Um dos marcos dessa mudança foi a ecologia profunda, através dos escritos de Aldo Leopold que criou uma “nova ética”, uma ética que trata da relação do homem com a terra, os animais e as plantas que nela vivem. Essa ética ampliaria “as fronteiras da comunidade de modo a incluir o solo, a água, as plantas e os animais, ou, coletivamente falando, a terra[9]”.
Nos anos 70 iniciou uma onda de preocupações ambientais, com a Conferência Mundial sobre o Meio Ambiente, realizada em Estocolmo em 1972. Esse movimento levou a um renascimento dos interesses ecológicos, uma busca pela conexão com a Terra, perdida de longa data, desde o marco judaico-cristão, quando o principal interesse passou a ser a busca inescrupulosa por valores econômicos.
Dentro do movimento ecológico, segundo o filósofo norueguês Arne Naess[10], existem tendências “superficiais” e “profundas”. O primeiro estaria ligado à estrutura moral tradicional, ou seja, suas raízes seriam antropológicas, o interesse em conservar o ambiente estaria intimamente ligado à necessidade do ser humano em tê-lo intacto, tanto pela sobrevivência da espécie quanto para desfrutar seus prazeres. Já a ecologia profunda tem raízes mais biocêntricas, seria a preservação pela valorização da natureza em si, sem interesses nos benefícios eventualmente trazidos para os seres humanos.
Leopold sintetizou os fundamentos de sua Ética da terra dizendo que: “Uma coisa é certa quando tende a preservar a integridade, a estabilidade e a beleza da comunidade biótica; é errada quando apresenta a tendência contrária[11]”.
Há uma riqueza de reflexões a respeito do lugar do homem na Natureza e a elaboração de uma ética correspondente.

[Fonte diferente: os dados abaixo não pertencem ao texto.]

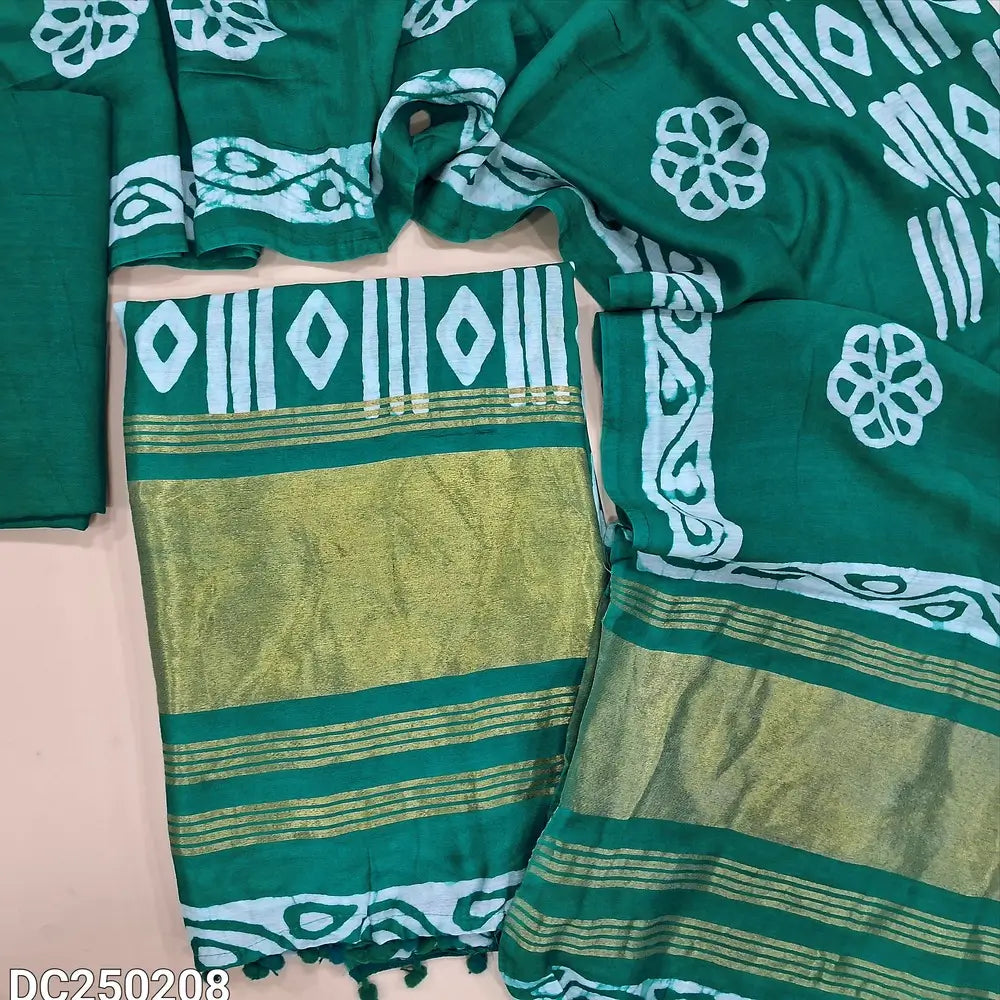 Original batik dyed turquoise Greene fancy  silk cotton unstitched salwar material(lining needed) tissue borders on daman, matching silky bottom, batik dyed fancy silk cotton dupatta with tissue border on pallu, pompom tapings. DC250208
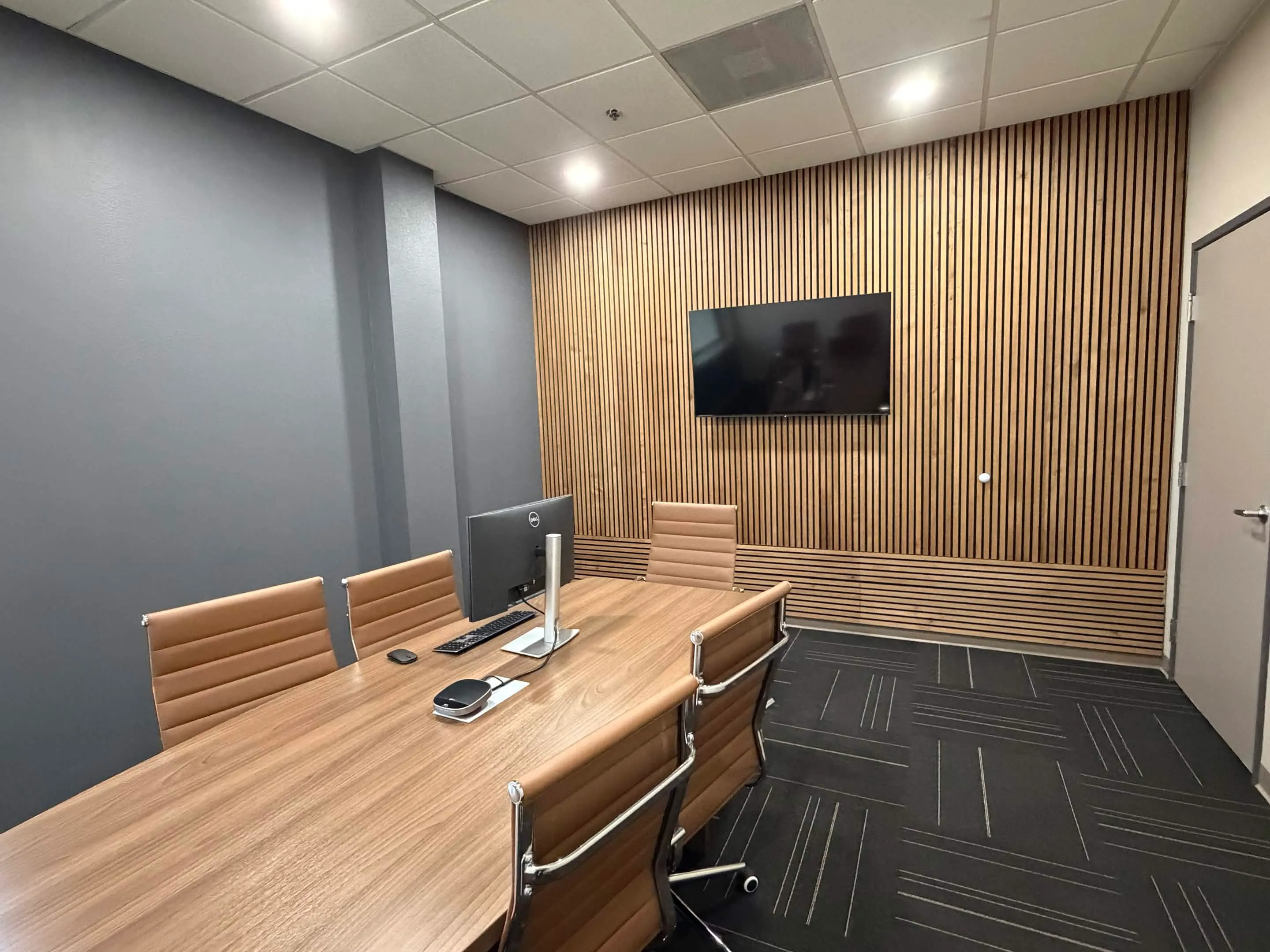 Conference room with a wood table, leather chairs, and a wall-mounted screen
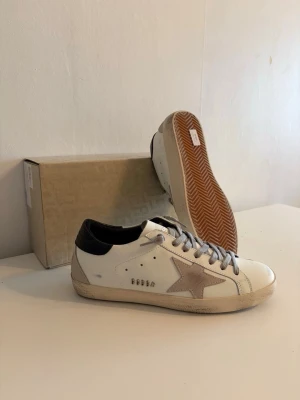 Golden Goose vita sneakers med stjärna - Golden Goose sneakers i vitt läder med grå mockastjärna på sidan, grå skosnören och svart hälparti. Sulan är beige och har en vintage-look. Ikonisk design med låg profil och detaljer i metall. Perfekta för en trendig streetstyle.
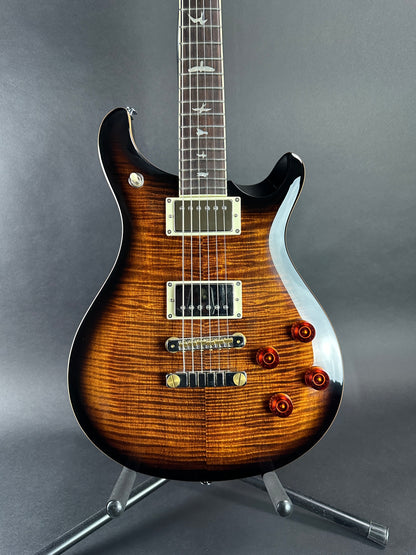 Front of body of Used PRS SE McCarty Black Gold Burst.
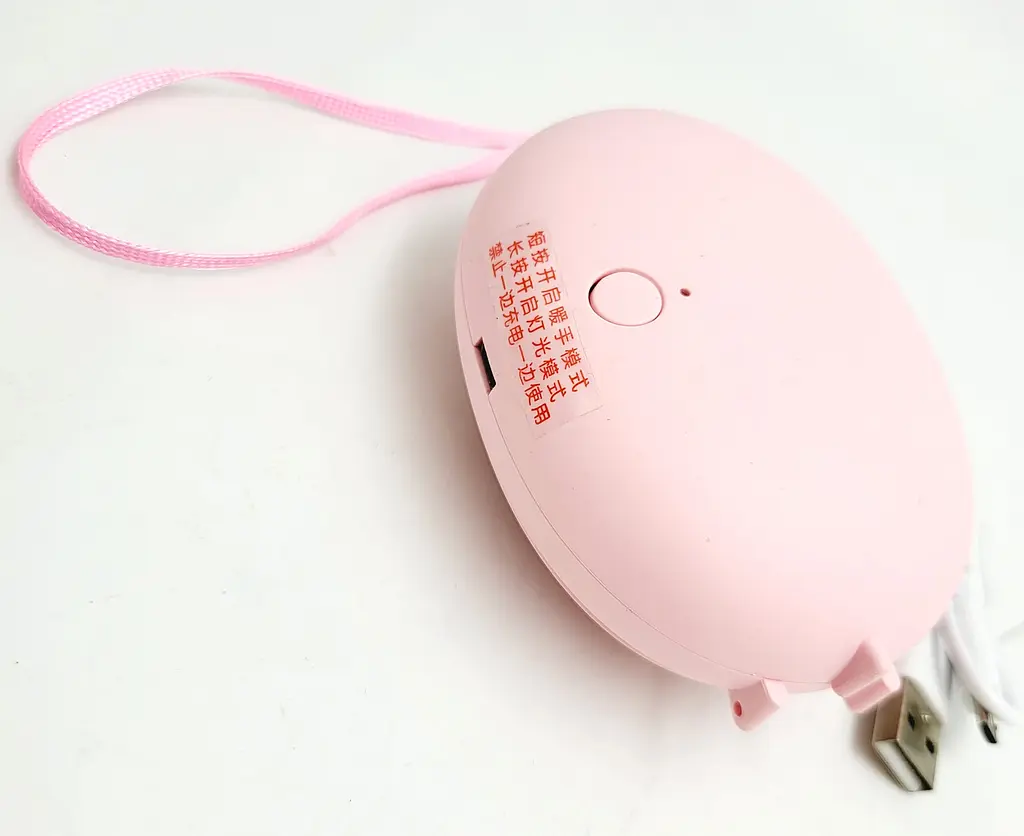 Кишенькова акумуляторна грілка обігрівач для рук нагрівач з USB зарядкою UKC AA21-1 рожевий - фото 3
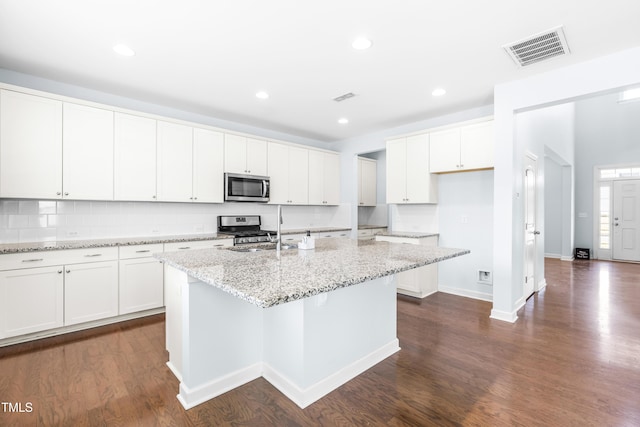 kitchen with light stone countertops, white cabinetry, an island with sink, and stainless steel appliances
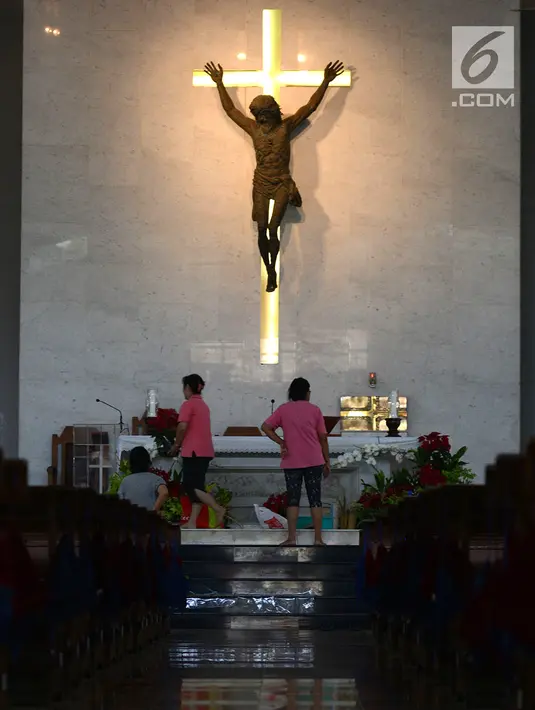 Panitia Gereja Santa Anna merapikan altar dan mempersiapkan tempat peribadatan malam Misa Natal di Duren Sawit, Jakarta, Senin (24/12). Persiapan tersebut untuk menyambut umat Kristiani yang akan beribadah pada malam Misa Natal. (Merdeka.com/Imam Buhori)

A ética biocêntrica, por exemplo, fundamenta-se, essencialmente, na idéia de que a natureza possui valor intrínseco, independente de sua utilidade para fins humanos. Os humanos não são superiores aos outros seres, mas “simples cidadãos” da comunidade de seres vivos. Como todo vivente tem direito à vida, só têm o direito de destruir algum ser da natureza para satisfazer necessidades vitais[12].
Fritjof Capra aduz o surgimento de um “paradigma ecológico, mas num sentido ecológico profundo, propondo uma expansão não apenas das percepções e da maneira de pensar, mas também de valores”.
Os princípios sobre os quais se erguerão as nossas futuras instituições sociais terão de ser coerentes com os princípios de organização que a natureza fez evoluir para sustentar a teia da vida. Para tanto, é essencial que se desenvolva uma estrutura conceitual unificada para a compreensão das estruturas materiais e sociais. A sustentabilidade não implica uma imutabilidade das coisas. Não é um estado estético, mas um processo dinâmico de co-evolução[13].
É dever do homem ter cuidado com a natureza, proteger o ambiente onde ele vive, por ser sua morada, mas também por ser a Terra o conjunto quase infinito de seres vivendo em harmonia como um grande sistema em que a atitude de cada elemento tem efeito direto no ciclo de vida do outro.
Sabendo-se da evolução do passado e das diretrizes que orientam o presente, nota-se o motivo pelo qual a Constituição da Republica Federativa do Brasil preocupou-se em tutelar o meio ambiente como bem jurídico. Somente esta tutela, no entanto, não se faz suficiente. Deve-se buscar a internalização da cultura de prevenção em cada cidadão. Por esta razão, tem-se a educação ambiental como necessária para a implementação dessa nova visão de mundo.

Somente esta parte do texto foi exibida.